E quanto potranno durare?Credo che nessuno possa oggi rispondere con esattezza. Scommettere in 1, 5 o 10 anni è più un vaticinio che una previsione scientifica. Quello di cui sono assolutamente certo è che le nuove terapie sconfiggeranno il cancro.
Eppure c’è qualcuno, oltreoceano, che certi tempi sembra esserseli dati…So bene che in uno dei principali centri di ricerca oncologica, l’M.D. Anderson Cancer Center di Huston, hanno da poco lanciato un ambizioso programma,
The Moon Shot to Cure Cancer, uno sforzo destinato, nelle intenzioni, a guarire il cancro. Come fu per il programma spaziale di Robert Kennedy che è riuscito, in 10 anni, a portare l’uomo sulla luna.
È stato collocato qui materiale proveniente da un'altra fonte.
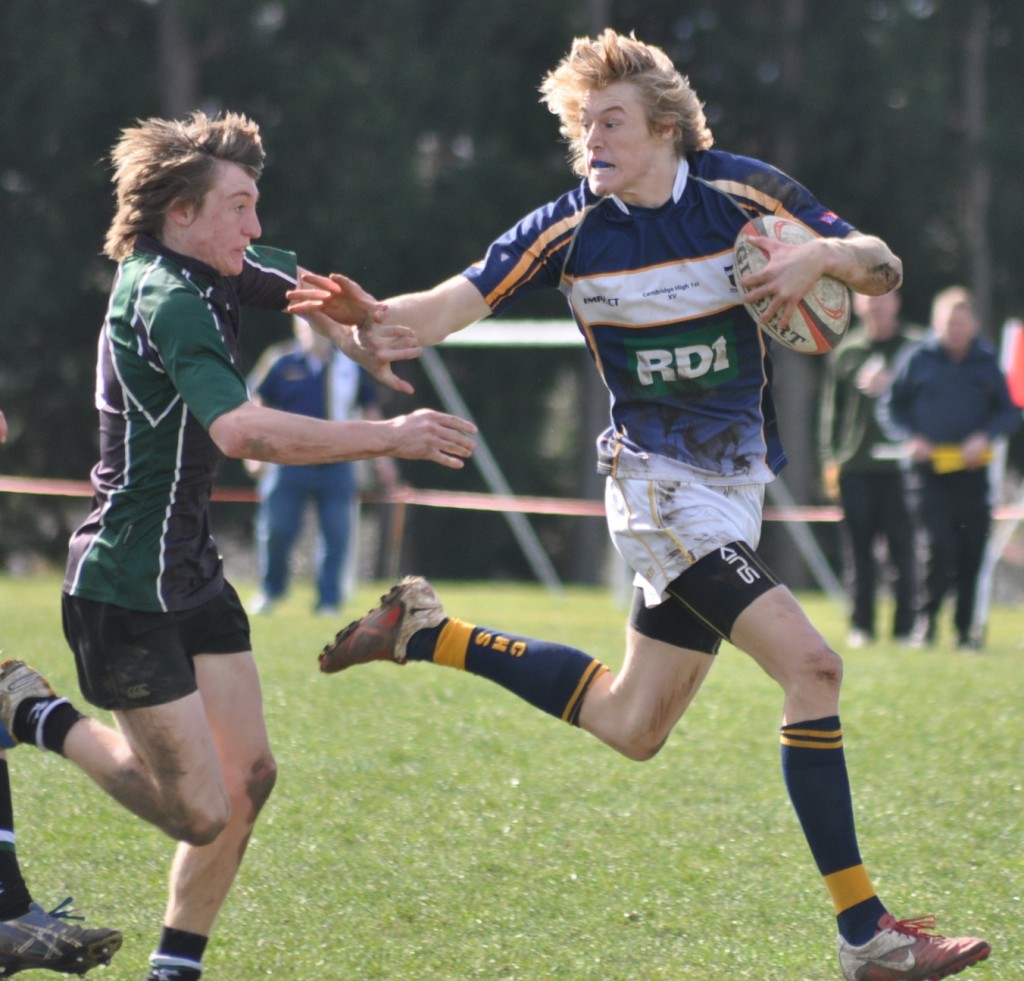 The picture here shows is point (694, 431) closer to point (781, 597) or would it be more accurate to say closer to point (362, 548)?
point (781, 597)

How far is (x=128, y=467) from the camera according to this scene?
161 inches

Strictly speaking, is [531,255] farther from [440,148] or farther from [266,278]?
[440,148]

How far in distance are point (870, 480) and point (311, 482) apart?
360 cm

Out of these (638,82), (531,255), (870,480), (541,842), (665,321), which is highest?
(638,82)

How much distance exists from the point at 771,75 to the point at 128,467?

Ma rispetto alla luna il tumore è un insieme di bersagli sfuggenti, ed è veramente azzardato prevedere se entro 10 anni ne avremo centrati i più comuni (i così detti "big killers").
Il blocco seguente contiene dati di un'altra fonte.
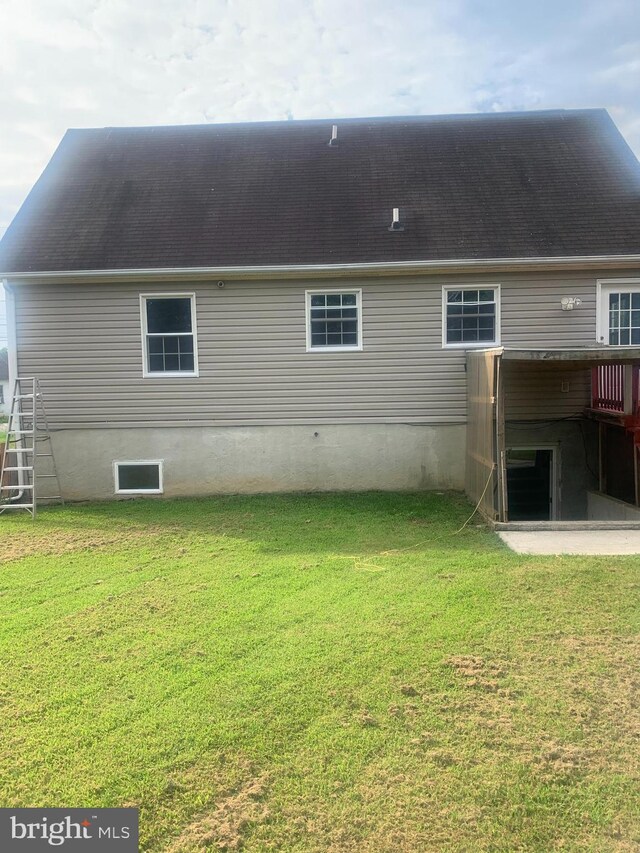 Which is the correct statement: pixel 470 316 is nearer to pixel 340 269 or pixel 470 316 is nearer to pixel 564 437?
pixel 340 269

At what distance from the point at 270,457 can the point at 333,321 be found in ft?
8.71

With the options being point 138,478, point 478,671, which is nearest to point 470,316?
point 138,478

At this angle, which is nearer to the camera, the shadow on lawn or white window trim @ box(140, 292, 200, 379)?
the shadow on lawn

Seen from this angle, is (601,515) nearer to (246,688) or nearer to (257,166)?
(246,688)

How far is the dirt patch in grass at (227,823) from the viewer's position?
2.72 m

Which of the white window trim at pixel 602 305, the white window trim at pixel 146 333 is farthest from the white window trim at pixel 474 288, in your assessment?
the white window trim at pixel 146 333

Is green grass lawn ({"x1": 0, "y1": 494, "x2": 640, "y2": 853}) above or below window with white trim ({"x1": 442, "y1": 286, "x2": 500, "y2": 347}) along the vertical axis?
below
Negli ultimi tempi si sente parlare anche di sperimentazione di vaccini, gran parte dei quali proprio in ambito oncologico: cosa possiamo aspettarci da questa strada?I vaccini, e l’immunoterapia in genere, sono una grande speranza. Il sistema immunitario è la principale difesa nei confronti delle malattie infettive e, in misura da definire, anche dei tumori. Man mano che conosciamo meglio il funzionamento del sistema immunitario, diventiamo capaci di sfruttarne le straordinarie capacità terapeutiche. Alcuni successi sono già ben documentati: si tratta di anticorpi monoclonali dotati di tossicità diretta nei confronti di tumori come linfomi o carcinoma mammario, o di farmaci che stimolano l’attività antitumorale dei linfociti, o ancora di manipolazioni genetiche dei linfociti. L’immunoterapia promette molto in termini di grande efficacia antitumorale accoppiata a una grande selettività d’azione (e quindi ad una limitata o minima tossicità).
Quali sono le sperimentazioni che danno maggiori speranze?I maggiori successi nella cura medica del cancro verranno dall’impiego combinato e razionale dei nuovi farmaci e dall’immunoterapia.